Такую чудовищную пещеру можно было только придумать. Иероним Босх, Гюстав Доре и Эдгар По, вместе взятые, не сумели бы создать более дьявольской людоедской глотки! Вход в нее был ярко-красным, а со свода свисали сталактиты, похожие на клыки огненного тиранозавра. Нутро пещеры было цвета жидкого золота…

Сильный жар и ядовитый воздух порядком утомили нас; толстые каучуковые подошвы заметно поплавились, а в моем левом ботинке даже появилась дырка. Одежда разлезалась под воздействием едких, обжигающих газов. Но, несмотря на усталость, настроение было приподнятое.

Три дня исследований

Назавтра мы подняли Эврара на верхнюю платформу, и я попросил Тормоза и Дерю присоединиться к нам. Мне нужна была совершенно надежная команда для сбора образцов и замеров температур. Три последующих дня были посвящены этим работам. Мы выяснили, что по сравнению с газами, проанализированными Джеггером на Килауэа, газы Ньирагонго содержали больше углекислого и меньше сернистого газа.

Мы сами расставили сейсмографы вместо Берга, и за 2 недели Шимозуру отметил 15 землетрясений: пять на вулкане, девять на рифте и одно весьма отдаленное. Но прежде всего он изучал микросейсмическое волнение. После месяца наблюдений он пришел к выводу, что его можно приписать продольной вибрации столба вязкой лавы высотой 500 метров.

В северном роге фонтаны действовали менее мощно. В нем тоже была пещера, куда большую часть времени приливала лава, но она впечатляла меньше, чем ее южная сестра. Может быть, это объяснялось тем, что с ее стороны наблюдать происходящее можно было только с балкона третьей платформы, взглянуть же внутрь не удавалось.

Но и то, что можно было увидеть, зачаровывало. Течение здесь медленнее — может быть, потому, что северный рог был шире фиорда раза в четыре. Оно сопровождалось равномерной зыбью с ритмом шесть метровых волн каждые десять секунд. Как только закругленный гребень волны исчезал под скальным навесом у входа в пещеру, раздававшийся внутри нее взрыв срезал верхушку волны, и куски ее отлетали метров на пятьдесят.

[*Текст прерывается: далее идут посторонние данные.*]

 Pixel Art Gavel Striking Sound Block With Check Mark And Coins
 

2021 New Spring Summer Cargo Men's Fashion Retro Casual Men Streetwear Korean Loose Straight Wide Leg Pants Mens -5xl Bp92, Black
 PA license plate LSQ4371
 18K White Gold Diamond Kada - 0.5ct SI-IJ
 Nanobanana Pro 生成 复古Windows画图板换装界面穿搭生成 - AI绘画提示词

Мне думается, что эти пушечные выстрелы вызывались сжатием атмосферы в пещере и мгновенным сгоранием водорода (а также, возможно, и других газовых компонентов).

Человек посторонний мог бы найти нечто комичное в нашей работе. В латах из алюминизированного асбеста, космических шлемах, с длинными трубками в руках мы напоминали и рыболовов, и акселератов, играющих в средневековых рыцарей. А труд этот был, ох, как нелегок. К физической усталости добавлялось и нервное напряжение. Не только из-за необходимости быть каждую секунду предельно осторожным, но и из-за раздражения, вызываемого беззаботностью тех, кто оставался на верхней террасе. Нам очень не хватало Манье. Самое неприятное было вызывать по телефону верхний лагерь и не получать ответа, так как никто не дежурил у аппарата. По сути дела, мы были временным объединением людей, в большинстве своем симпатичных и квалифицированных, но думавших прежде всего о своих собственных делах.

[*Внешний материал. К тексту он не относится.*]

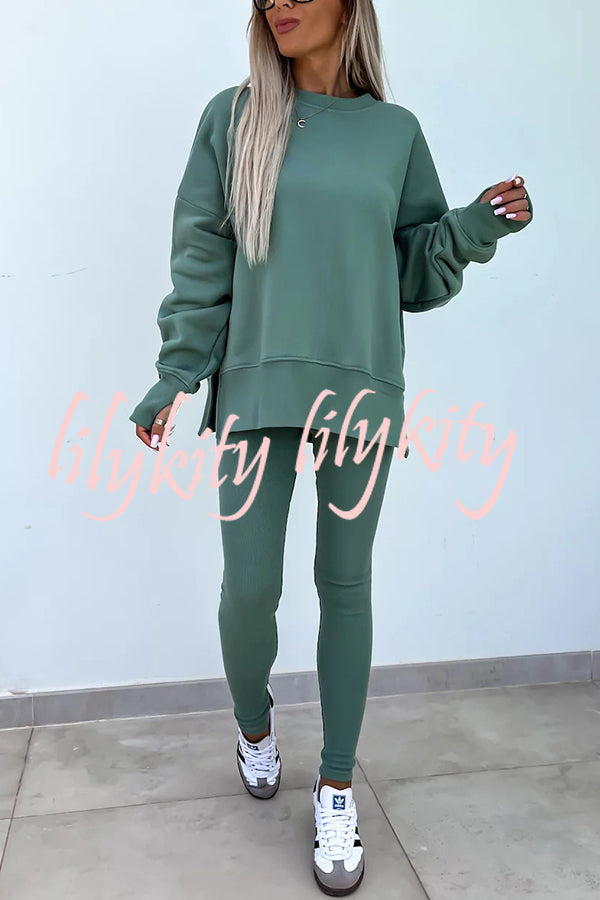 Solid Color Loose Long Sleeve SlitSweatshirt and Elastic Waist Tight Pants Set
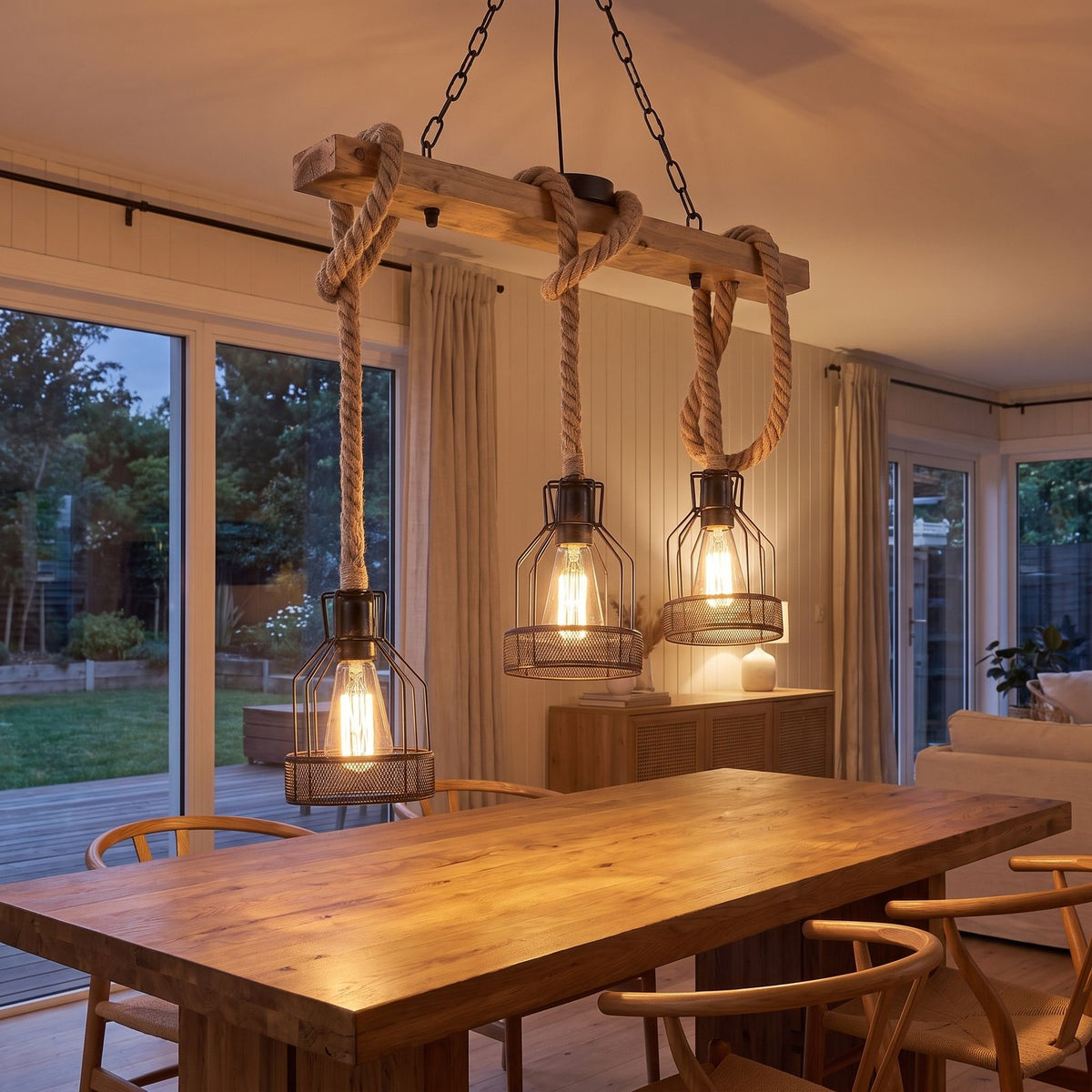 Wood beam and hemp rope pendant light over a dining table in a wider view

Отдохнуть ночью удавалось далеко не всегда. Иногда мы наблюдали особенно бурную деятельность вулкана или, спасаясь от плохой погоды, набивались в палатку. Ее полотно, изъеденное газами и съежившееся, как шагреневая кожа, латалось нами с каждым днем все усерднее. Что я имею в виду, говоря о плохой погоде? Да что угодно: дождь, густой туман, свирепые порывы ветра, грозу и даже… снег!

На верхнюю платформу мы вернулись 19 августа. Проведя ровно неделю на ранее считавшейся недоступной террасе, мы были поражены царившей там обстановкой безопасности. Только в тот момент я осознал, как велико было напряжение этих семи дней и ночей. Наверху была настоящая деревня: 13 вместительных палаток, три электрогенератора, разгуливающие по центральной «улице» куры, вкусные обеды, спокойно занимаюшиеся своими делами люди… Даже мачта с флагом.

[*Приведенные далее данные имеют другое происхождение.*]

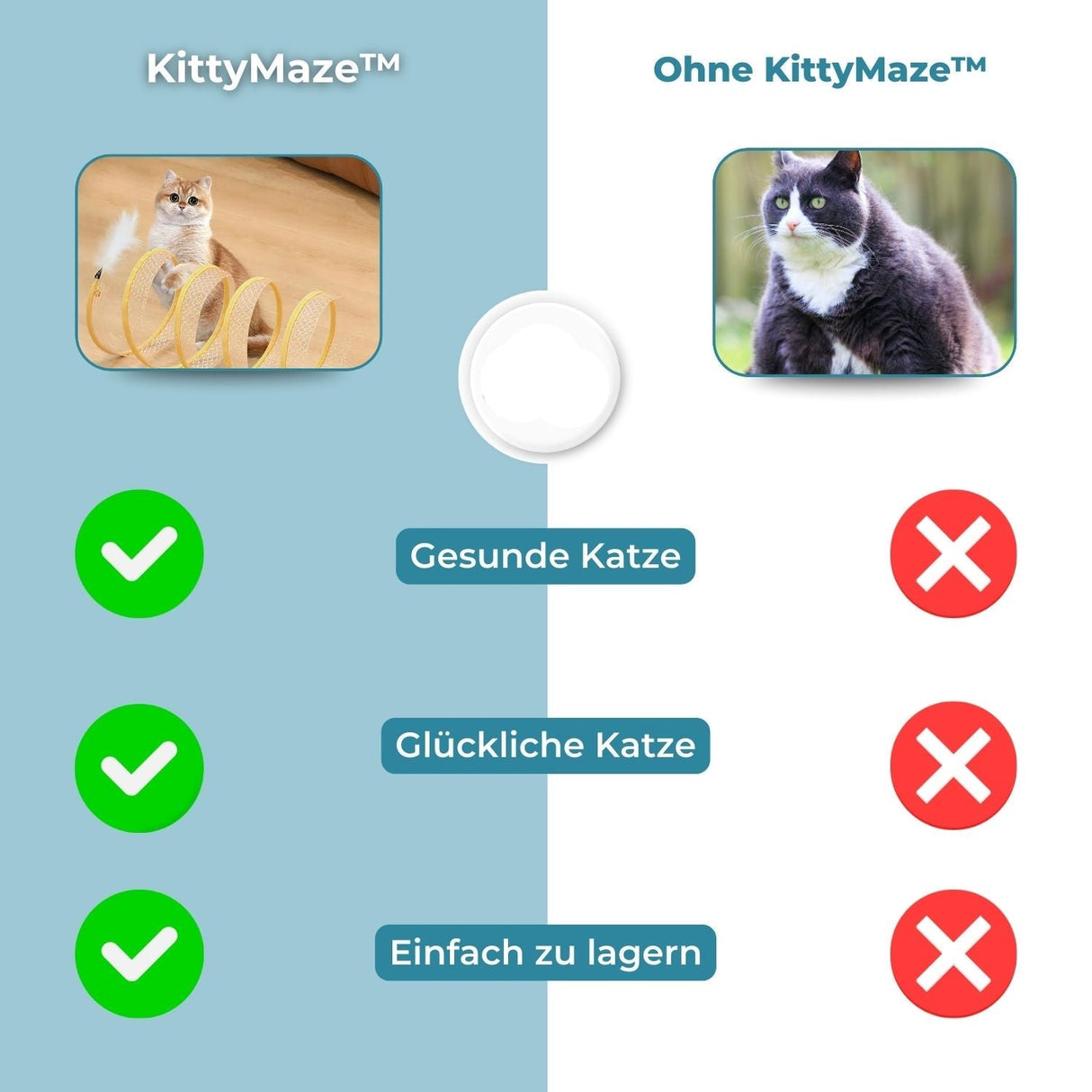 Carvallo - Fällbar kattunnel med integrerade leksaker Carvallo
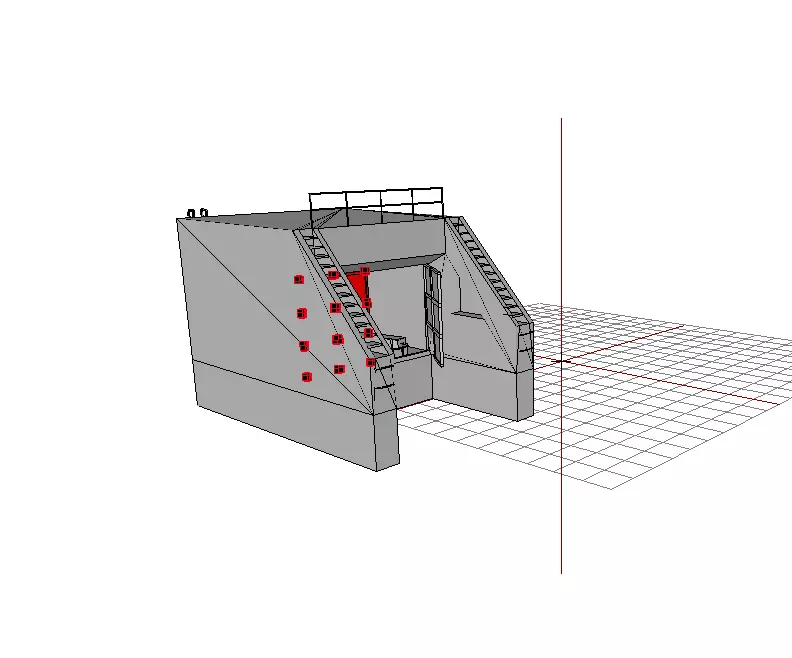 house steel structure with door Free 3D model
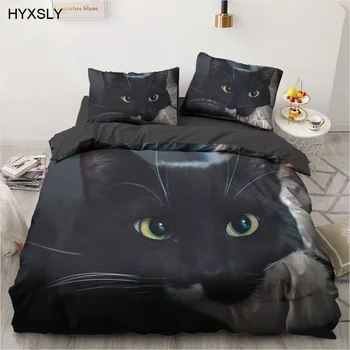 Pet Siyah Kedi Tasarım 3D Yatak Takımları Beyaz Yorgan yorgan kılıfı Seti Yorgan çarşaf Yastık Kılıfı Kral Kraliçe 140 * 210cm Boyutu Köpekler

На следующий день я вернулся на вторую террасу, чтобы помочь астрофизику Дельсемму, не сумевшему годом раньше сфотографировать спектр вулканического пламени и приехавшему теперь с полевым спектрографом собственной конструкции.

Кое-как укрепив превратившуюся в лохмотья палатку, мы до поздней ночи фотографировали Большой ревун с выдержками в 3, 10, 20, 30 и 60 минут. Результаты разочаровали: пламя было столь прозрачно, что на снимках почти не просматривалось.